Exercise brief
Locate the line containing "El Salvador Hacienda" in the material below. Copy that line and all following lines through the end exactly, omitting any pictures.

Information supplied
##############################
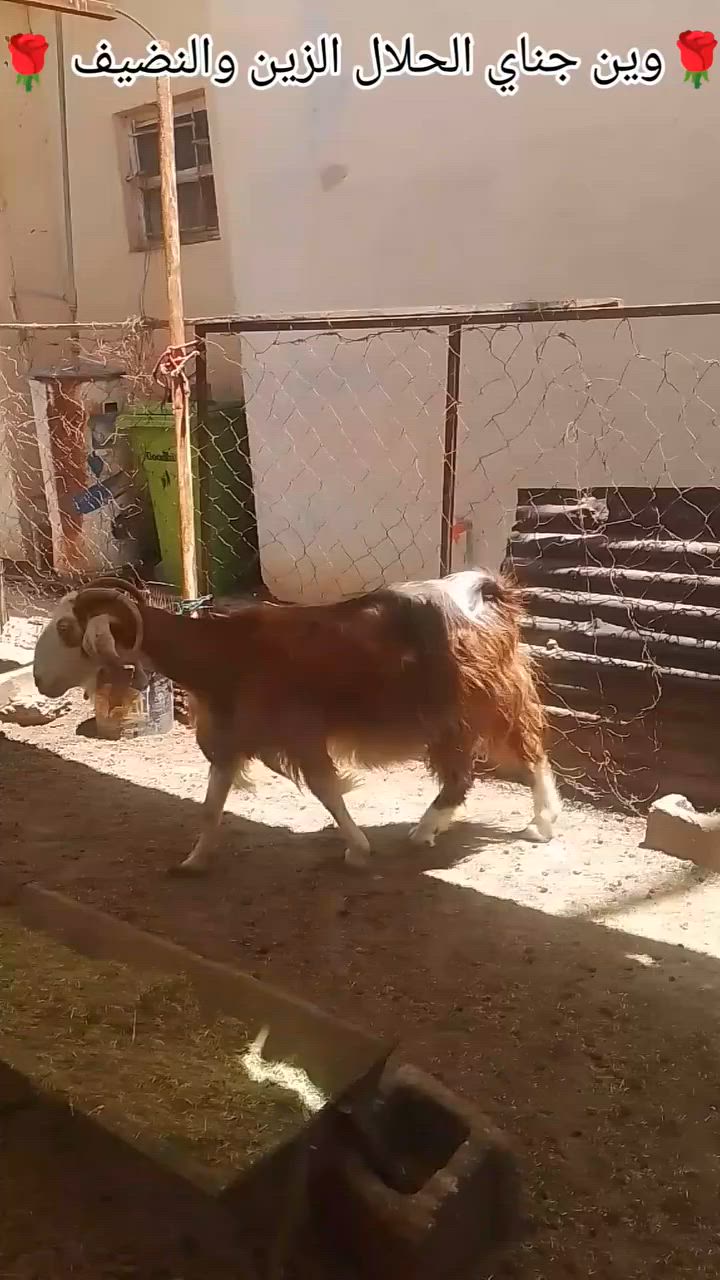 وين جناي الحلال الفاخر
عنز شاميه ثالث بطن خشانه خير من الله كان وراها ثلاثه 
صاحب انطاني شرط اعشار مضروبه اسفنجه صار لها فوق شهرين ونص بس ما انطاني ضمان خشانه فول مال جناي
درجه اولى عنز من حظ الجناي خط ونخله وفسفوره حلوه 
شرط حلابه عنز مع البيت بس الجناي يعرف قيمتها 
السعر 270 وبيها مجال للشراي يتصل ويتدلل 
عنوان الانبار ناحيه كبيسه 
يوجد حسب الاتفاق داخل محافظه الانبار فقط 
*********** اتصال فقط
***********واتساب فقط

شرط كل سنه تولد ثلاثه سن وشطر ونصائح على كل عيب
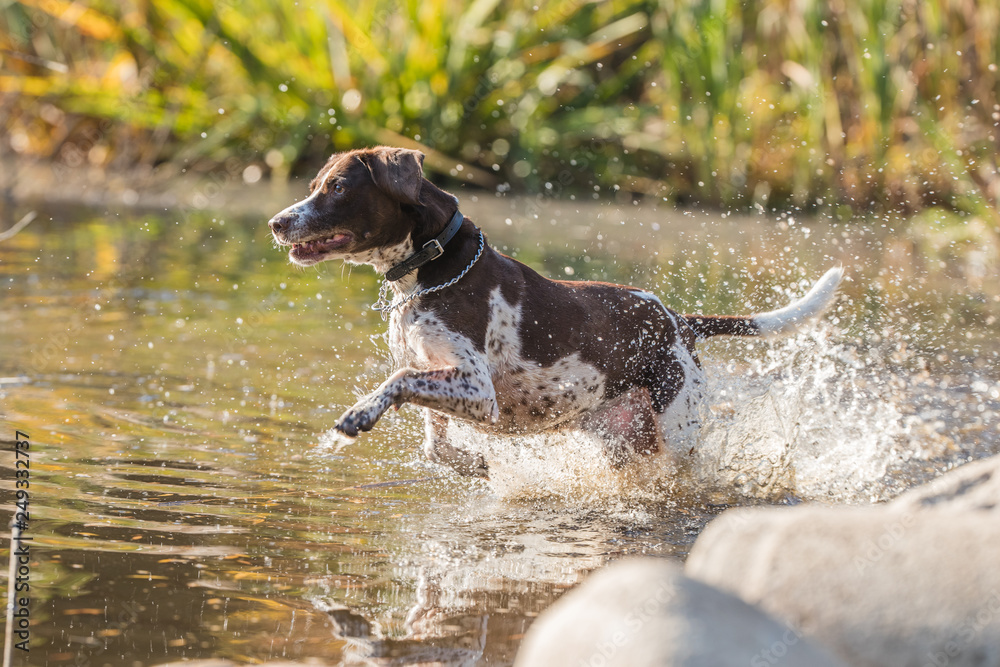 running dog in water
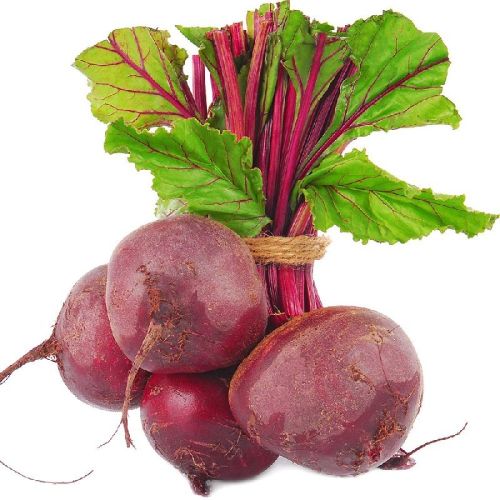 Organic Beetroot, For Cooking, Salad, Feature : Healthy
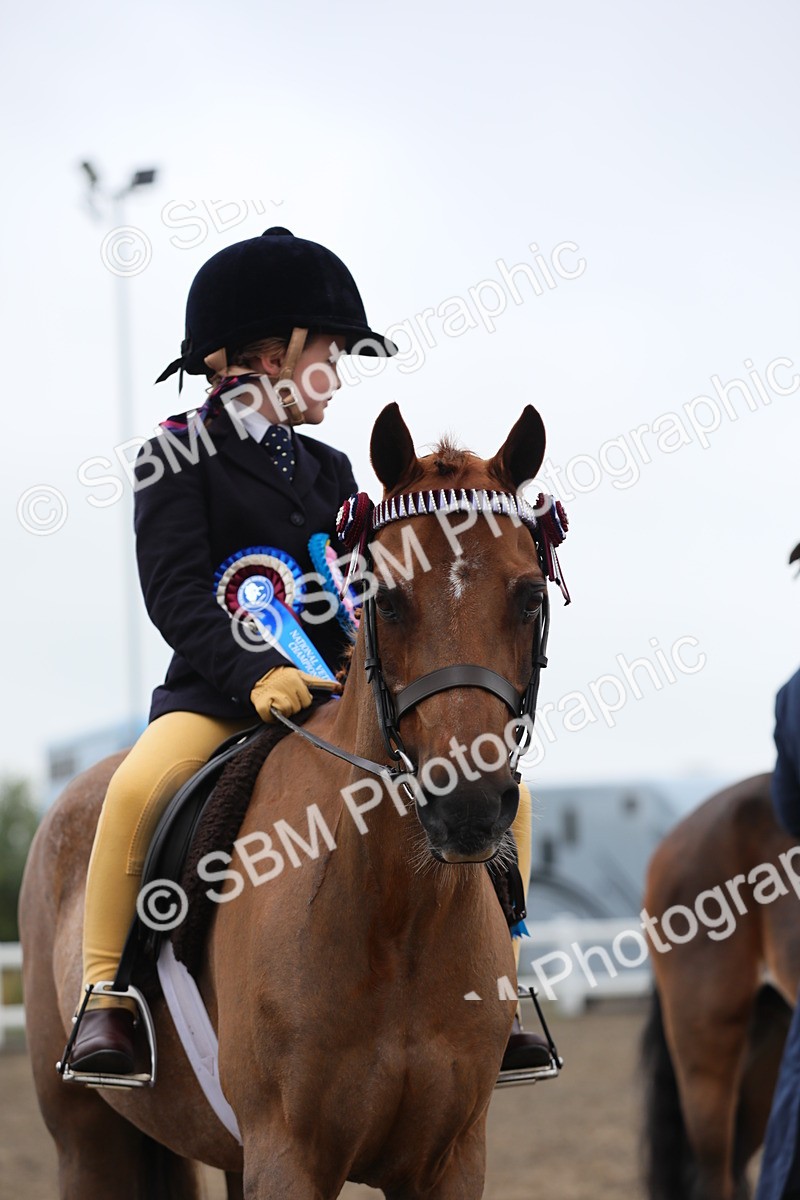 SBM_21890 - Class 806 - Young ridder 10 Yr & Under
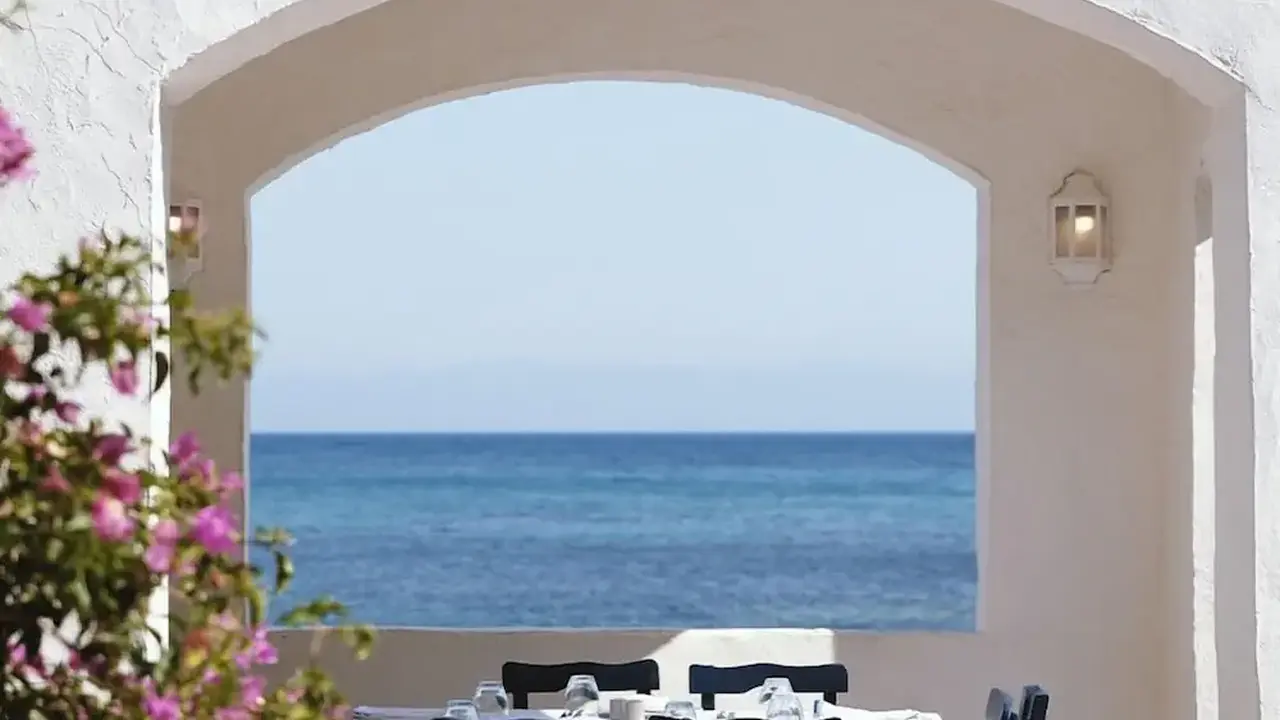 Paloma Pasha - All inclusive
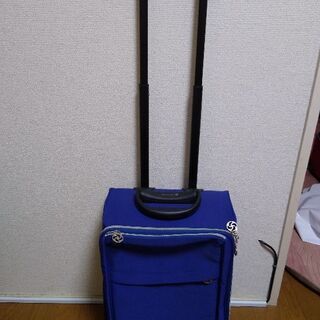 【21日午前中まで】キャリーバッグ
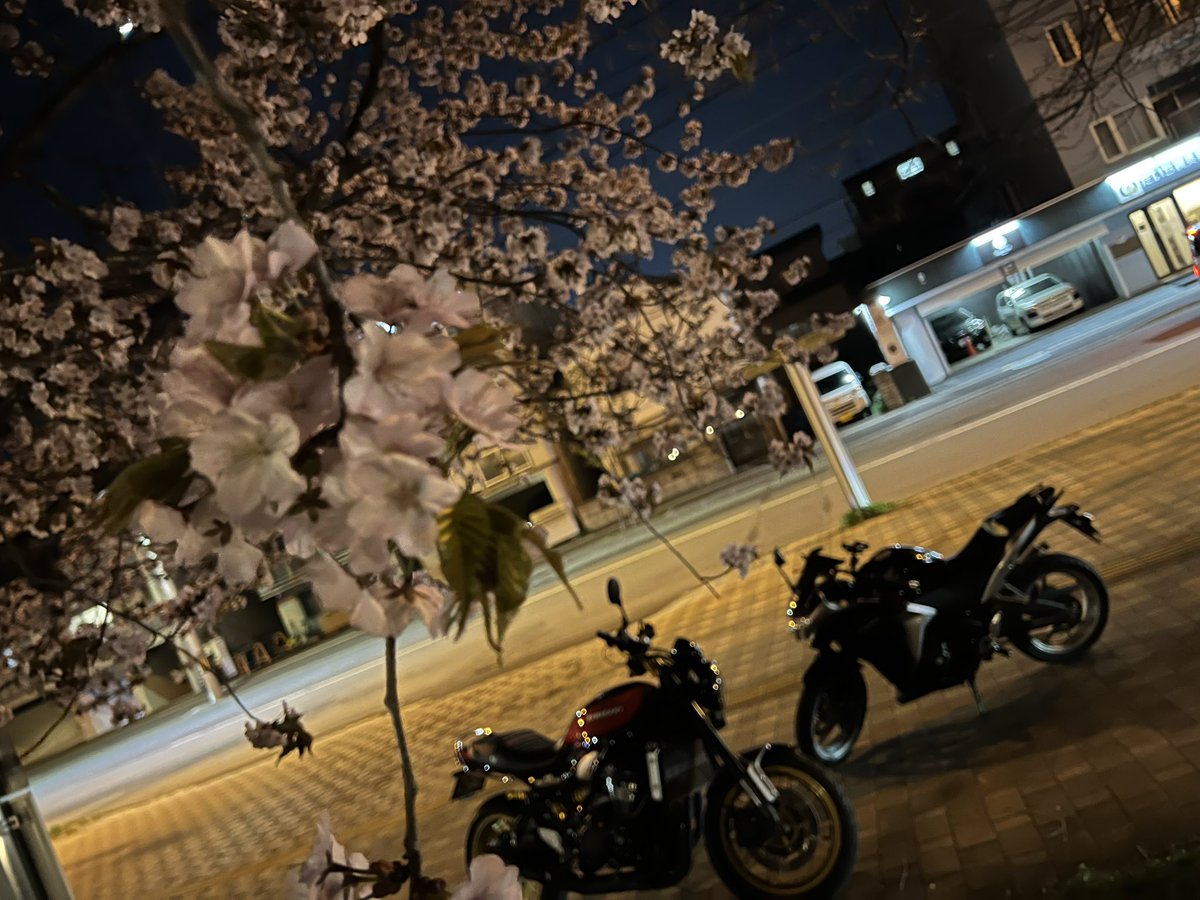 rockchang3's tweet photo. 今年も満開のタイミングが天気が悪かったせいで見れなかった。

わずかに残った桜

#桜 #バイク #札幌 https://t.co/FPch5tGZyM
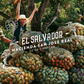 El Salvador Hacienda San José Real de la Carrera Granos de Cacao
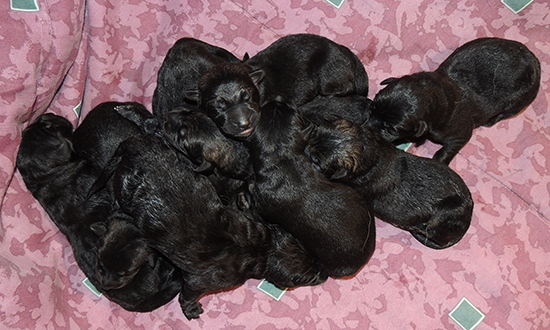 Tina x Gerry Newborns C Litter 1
##############################
Result for this exercise
 El Salvador Hacienda San José Real de la Carrera Granos de Cacao
 Tina x Gerry Newborns C Litter 1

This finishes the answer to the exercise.